# ATI Radeon X1800 XT 83 GFLOPS and has 42GB/s for US$109?



## AlienTech (Oct 16, 2005)

ATI stakes claims on physics, GPGPU ground By Scott Wasson - 11:09 AM, October 11, 2005

One of the more surprising aspects of ATI's Radeon X1000 series launch is something we didn't get a chance to talk about in our initial review of the graphics cards: ATI's eagerness to talk about using its GPUs for non-graphics applications. 

ATI practically kicked off its press event for the Radeon X1000 series with a physics demo running on a Radeon graphics card. Rich Heye, VP and GM of ATI's Desktop Business Unit, showed off a simulation of rolling ocean waves comparing physics performance on a CPU versus a GPU. The CPU-based version of the demo was slow and choppy, while the Radeon churned through the simulation well enough to make the waves flow, er, fluidly. The GPU, he proclaimed, is very good for physics work, and he threw out some impressive FLOPS numbers to accentuate the point. A Pentium 4 at 3GHz, he said, peaks out at 12 GFLOPS and has 5.96GB/s of memory bandwidth. By contrast, a Radeon X1800 XT can reach 83 GFLOPS and has 42GB/s of memory bandwidth. 

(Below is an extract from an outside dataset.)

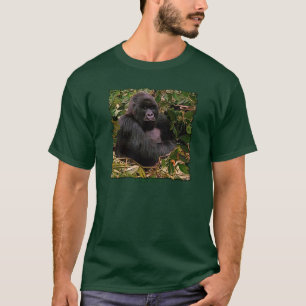 T-shirt africano dos grandes macacos de gorila de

This demonstration was more important as a statement of position and direction for ATI than anything else. NVIDIA has been rather enigmatic about any plans for physics processing, and has seemed to step out of AGEIA's way for the most part, welcoming the PhysX effort as another means of improving PC gaming. ATI is clearly ready and willing to take on AGEIA's PhysX card by using its GPUs for physics simulation, and the company believes that the more general programmability of its Shader Model 3.0 implementation in the Radeon X1000 series could make it a viable competitor there. There was talk of a CrossFire dual-GPU config in a split setup, with one GPU handling graphics and the other handling physics for certain games, and somebody present even suggested the possibility of a third GPU on a PCI card dedicated to physics processing. The folks from ATI seemed to like this suggestion. 

We haven't heard many specifics yet about how ATI plans to go about exposing the physics acceleration capabilities of its GPUs to developers. One obvious path forward would seem to be cooperation with physics middleware vendors like Havok, but AGEIA has already made extensive inroads into next-gen games development by giving away licenses for its PhysX API. If ATI is serious about making this push, it may have to slog through an API war by pushing developers to use something other than PhysX API. We shall see. 

Beyond just physics, ATI is happy to see its GPUs being used for all sorts of general-purpose computation. To that end, it invited Mike Houston from Stanford to come talk about his efforts at GPGPU, or general-purpose computation on graphics processing units. Houston gave a nice overview of how graphics lingo translates into general purpose computation, where textures are used as general storage and pixel shaders operate on data other than pixels. There's a PDF of his talk available online, so you can read it for yourself. Houston particularly liked the Radeon X1800's new features, including 32-bit floating-point precision, long shader programs with flow control, and faster data uploads and downloads over PCI Express. He also praised the X1800's large number of available registers and its support for 512MB memory, which he said is sorely needed in GPGPU applications.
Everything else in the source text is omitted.